Web page caption snippets

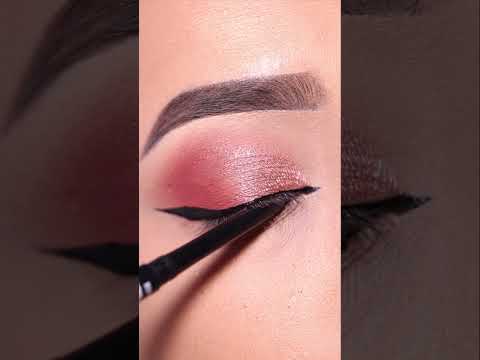 #shorts Simple eye makeup for NYE || Easy beginners friendly eyeshadow tutorial || Shilpa
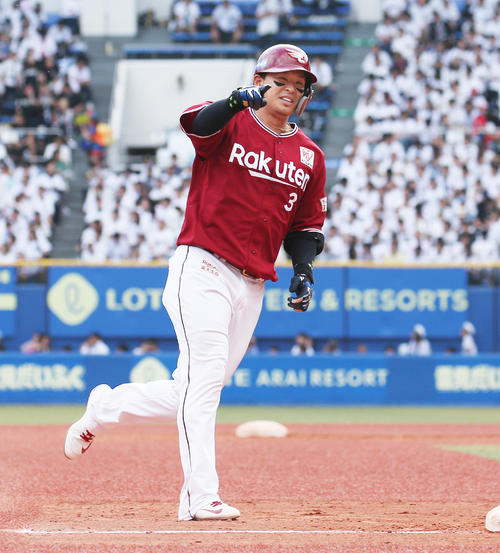 ロッテ対楽天　7回表楽天2死、本塁打を放ちベンチを指さす浅村（撮影・中島郁夫）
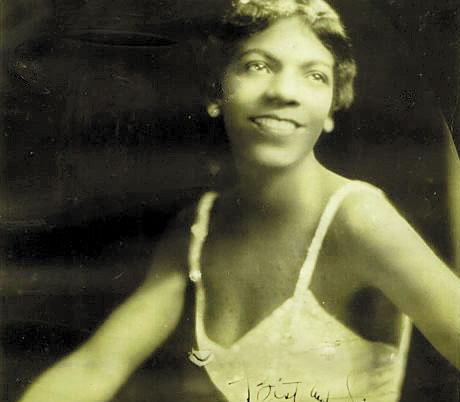 Ivie, the voice of the duke ! If you don’t know her, give a listen….. !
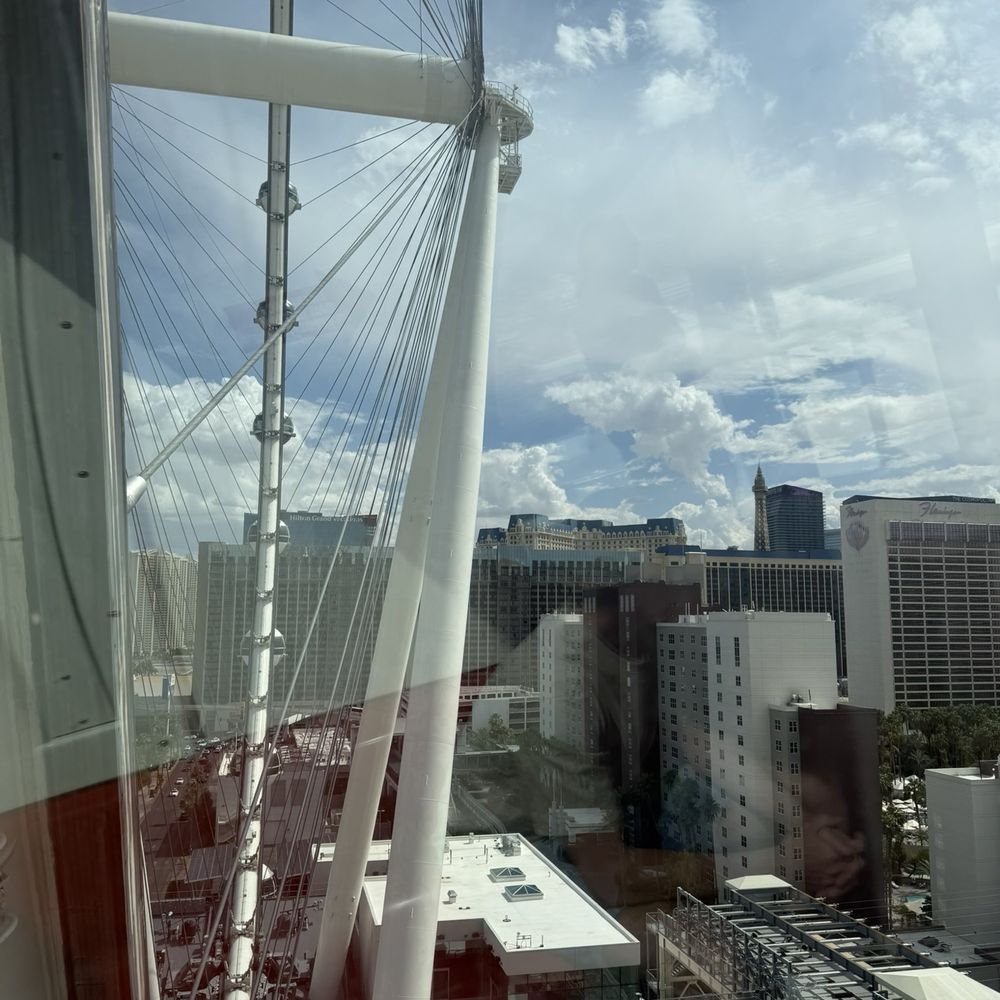 The High Roller - Views from our pod - Amusement Parks Near Me - Las Vegas, Nevada The High Roller - Views from our pod - Amusement Parks Near Me - Las Vegas, Nevada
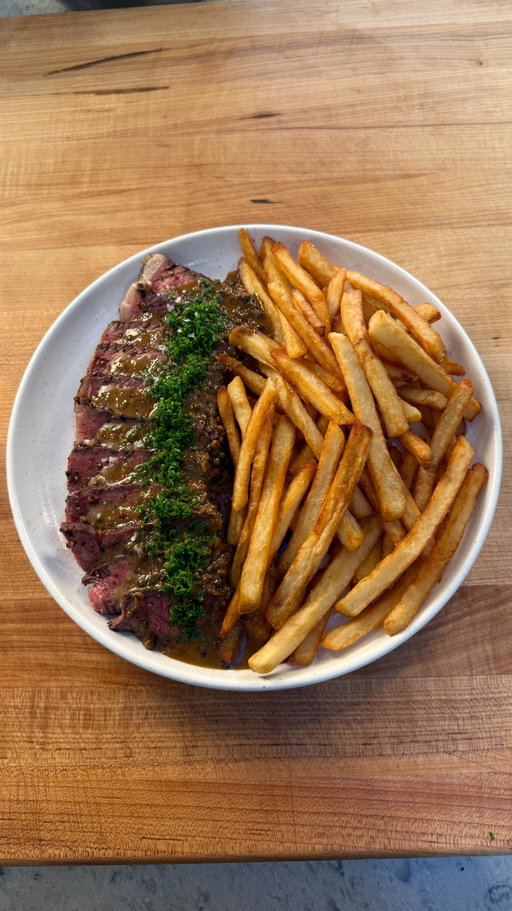 Steak Frites w/ Peppercorn Sauce:)

Recipe in my bio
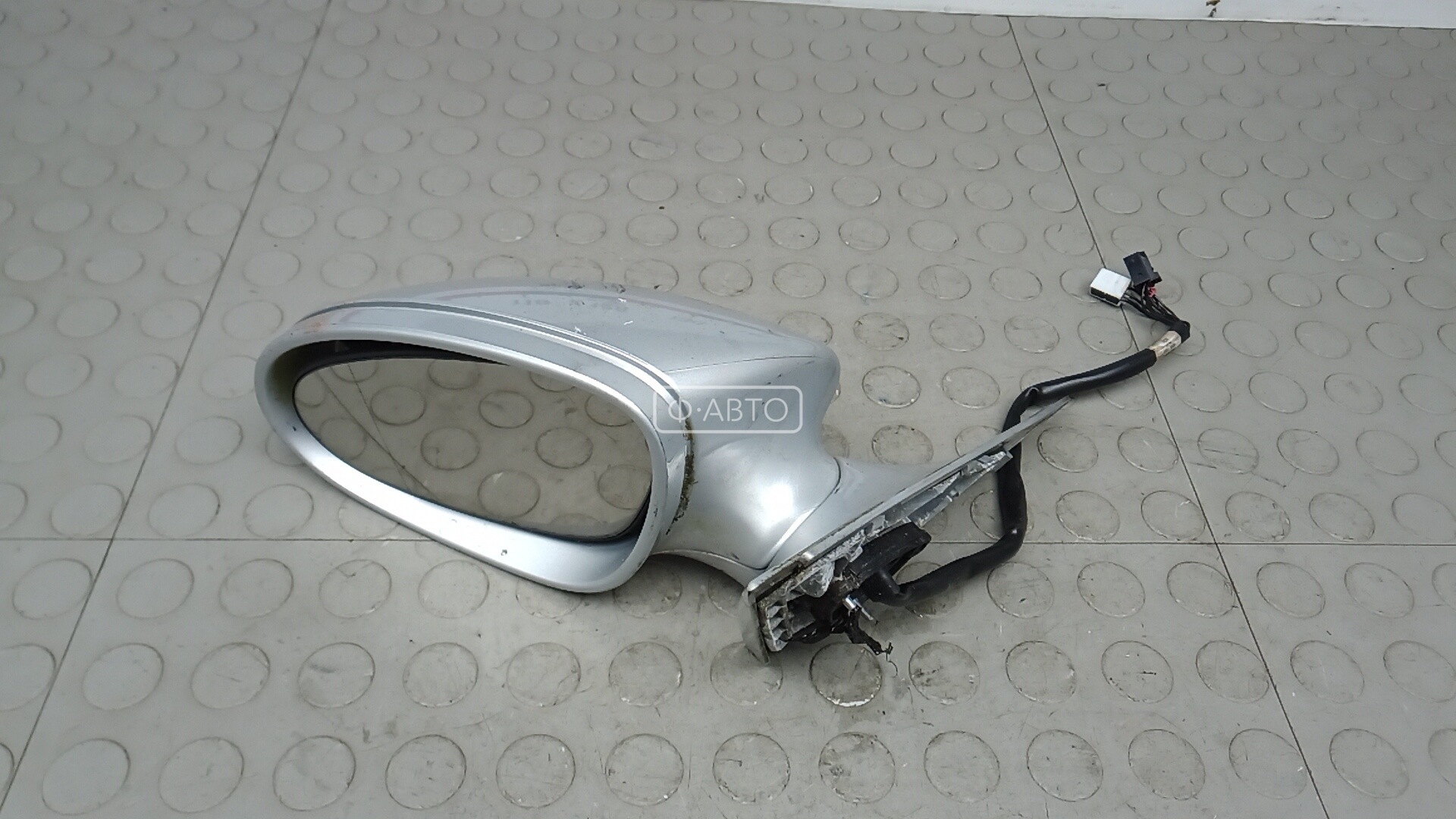 Зеркало наружное левое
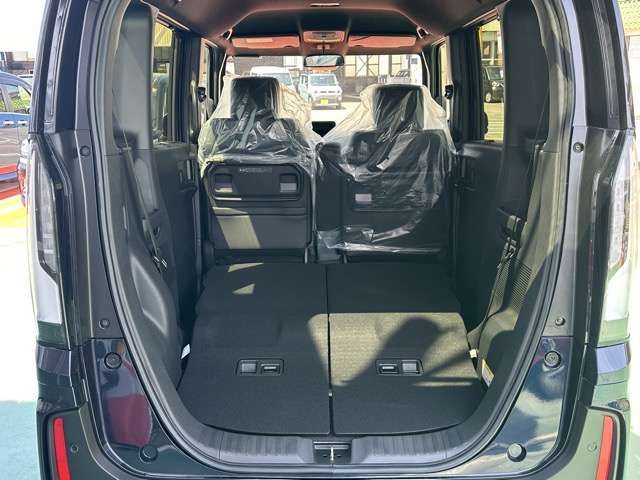 HONDA N BOX CUSTOM 2025 Image 31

• **EXERCISE PROMPT**
Reproduce precisely the lines of the entries above, from the one containing "ロッテ対楽天　7回表楽天2死、本塁打を放ちベンチを指さす浅村（撮影・中島郁夫）" through the final one, both ends included, and omit the pictures.

• **ANSWER SPACE**
 ロッテ対楽天　7回表楽天2死、本塁打を放ちベンチを指さす浅村（撮影・中島郁夫）
 Ivie, the voice of the duke ! If you don’t know her, give a listen….. !
 The High Roller - Views from our pod - Amusement Parks Near Me - Las Vegas, Nevada The High Roller - Views from our pod - Amusement Parks Near Me - Las Vegas, Nevada
 Steak Frites w/ Peppercorn Sauce:)

Recipe in my bio
 Зеркало наружное левое
 HONDA N BOX CUSTOM 2025 Image 31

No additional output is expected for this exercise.